O que te marcou na cultura em 2017?

A redação da Continente respondeu a pergunta de várias maneiras, analisando acontecimentos e obras deste ano que termina em poucos dias

TEXTO Revista Continente

27 de Dezembro de 2017

Linn da Quebrada; protesto contra Judith Butler; 'Black off', de Ntando Cele; Diva Guimarães na Flip; 'Atlanta'; obra de Adriana Varejão censurada; 'The handmaid's tale'; 'Game of thrones'

Linn da Quebrada; protesto contra Judith Butler; 'Black off', de Ntando Cele; Diva Guimarães na Flip; 'Atlanta'; obra de Adriana Varejão censurada; 'The handmaid's tale'; 'Game of thrones'

Fotos Reprodução

Em momentos de revisão, como costumam ser os fins de ano, olhar para dentro é um exercício quase inevitável.

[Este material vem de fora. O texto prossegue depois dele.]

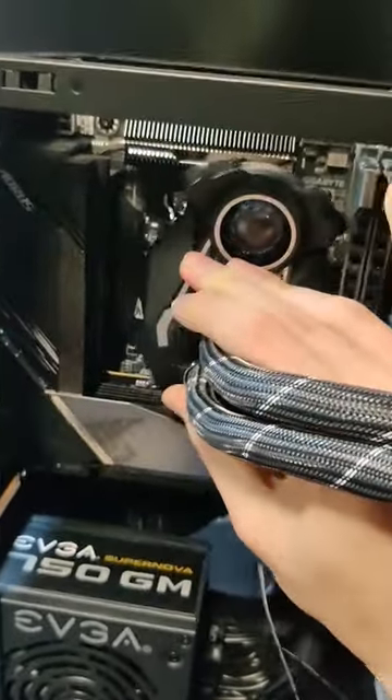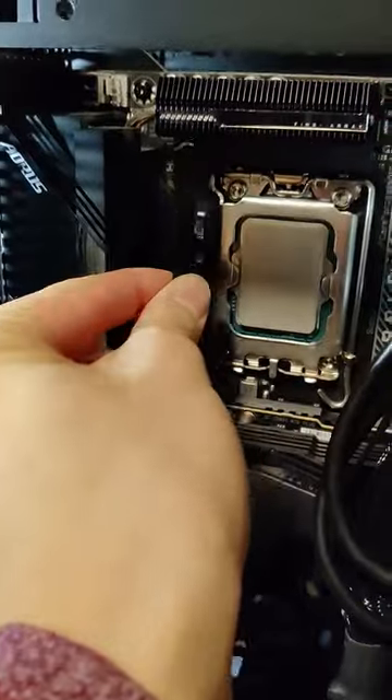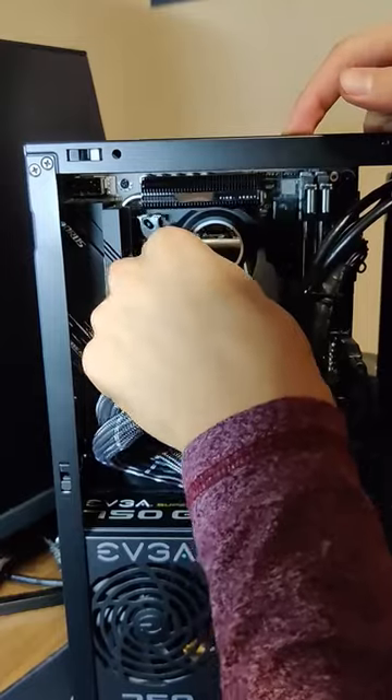Then the CPU block would not fit into the motherboard, so I actually had to uninstall the VRM fan to get it to fit. Then the mounting bracket got caught on the heatsink, so I had to cut off the unused end of the mounting bracket to get it to fit.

Devemos e podemos fazer isso a qualquer hora, mas o intervalo que compreende o calendário de 365 dias traz um conjunto mais “ordenado” de acontecimentos passíveis de análise, digamos assim. Olhando para dentro, este foi um ano em que nos remodelamos editorialmente, a partir do número 200, publicado em agosto, e de um novo site, mais próximo da edição impressa e com conteúdos complementares e exclusivos. Manter uma revista de cultura ativa no Brasil, seja impressa (e sobretudo impressa) ou na internet, é uma tarefa de responsabilidade e resistência. Para celebrar os ganhos e desafios de 2017, a redação da revista Continente compartilha abaixo comentários sobre acontecimentos e obras que nos marcaram ao longo do ano. Aguardamos os seus. Que venha 2018!


LEITURAS


Livros da Ubu. Foto: Reprodução

“Há em nós a tendência de pensar 'grande' em relação a acontecimentos que marcam frações de tempo com o olhar em retrospectiva; tendemos ao superlativo, seja para enaltecer, seja para derrubar. Talvez, em 2017, não tenhamos tanto a enaltecer… Talvez não haja mesmo agora algo 'grande' no campo da cultura que importe mais do que as ações de menor impacto e mais duradoras. Acreditando nisso, celebro pequenas conquistas e permanências. Gosto de pensar na permanência do livro no Brasil (o que, infelizmente, não quer dizer o crescimento da leitura no país; no futuro, quem sabe?...) e no aparecimento de livros muito bem-publicados, feitos por editores caprichosos. Nesse item, celebro obras lançadas pelas editoras Carambaia e Ubu, que atuam nesse campo com o exato zelo, farejando obras ao mesmo tempo importantes e 'secundárias', muitas das quais nunca publicadas no Brasil (aqui me refiro sobretudo ao catálogo da Carambaia). Antes de fazer apologia desse objeto antigo e durável por mera nostalgia, observo nele, mais do que nunca, o germe da resistência, o gesto necessário do silêncio e da concentração, o lugar de estar consigo mesmo, não importa em que circunstâncias, e, sobretudo, a possibilidade de escolha e autonomia – tão imperativas neste mar de ofertas em que nadamos. Celebro, e projeto para 2018, o lugar de relevância da leitura, que ela se espalhe em ondas generosas entre os brasileiros.”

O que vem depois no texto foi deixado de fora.